▸ ASSIGNMENT:
Please retype the data in full and exactly; the pictures are not part of the copy.

▸ PROVIDED DATA:
==================================================

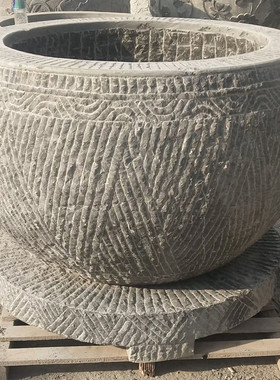 石雕花岗岩仿古鱼缸庭院养鱼石头水缸别墅老式户外荷花缸青石圆缸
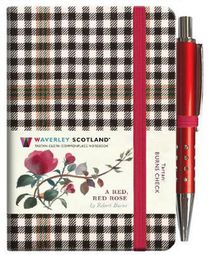 A Red, Red Rose Tartan Notebook (mini with pen) (Burns check tartan) voorzijde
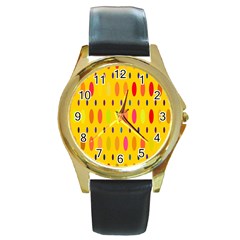 Banner-polkadot-yellow Round Gold Metal Watch by nate14shop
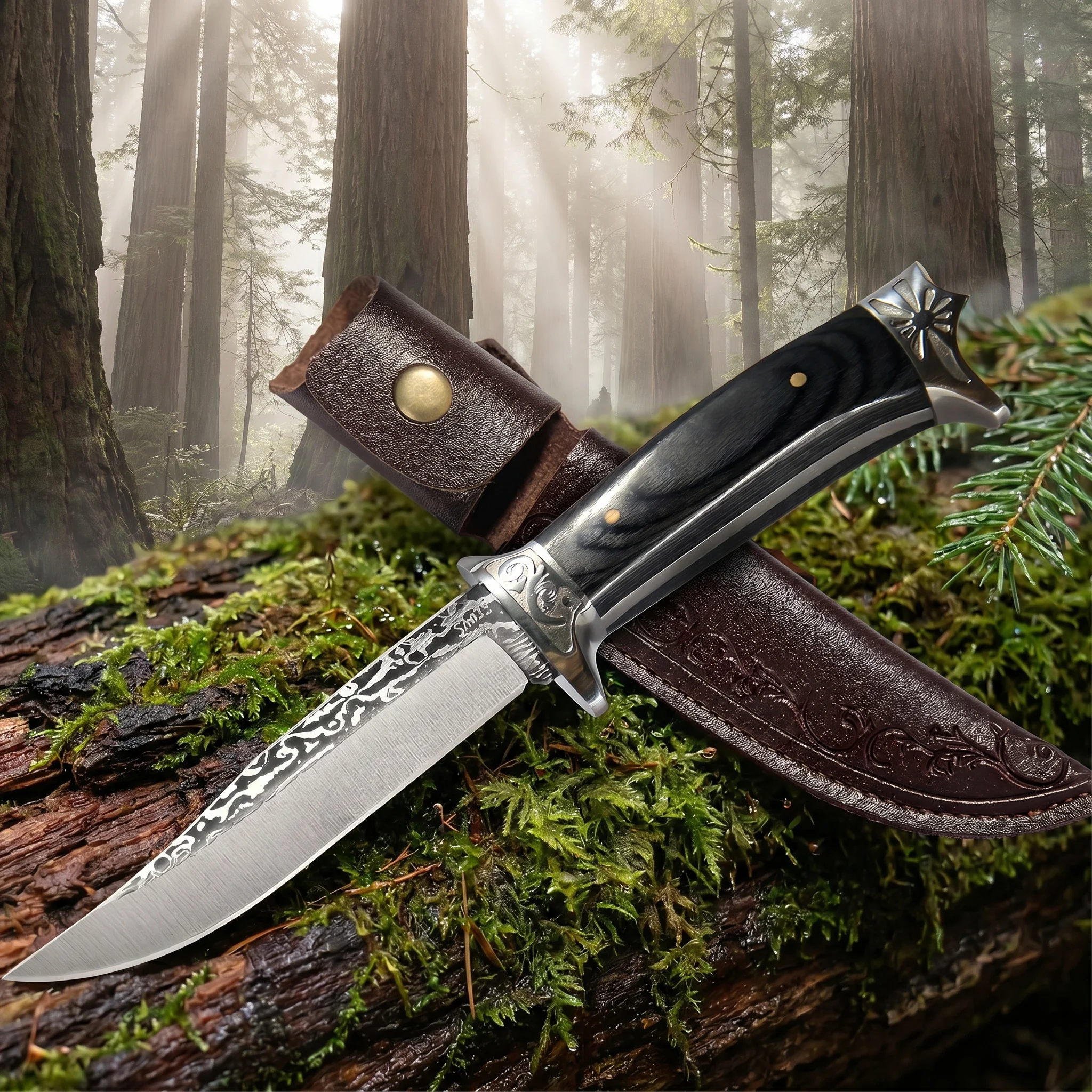 Outdoor Survival Fixed Blade Knife Wood Handle Leather Sheath Camping Hunting Cutting Utility Knife for Camping Hiking Outdoor EDC Hand Tool — image 1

==================================================

▸ SOLVED PROBLEM:
 石雕花岗岩仿古鱼缸庭院养鱼石头水缸别墅老式户外荷花缸青石圆缸
 A Red, Red Rose Tartan Notebook (mini with pen) (Burns check tartan) voorzijde
 Banner-polkadot-yellow Round Gold Metal Watch by nate14shop
 Outdoor Survival Fixed Blade Knife Wood Handle Leather Sheath Camping Hunting Cutting Utility Knife for Camping Hiking Outdoor EDC Hand Tool — image 1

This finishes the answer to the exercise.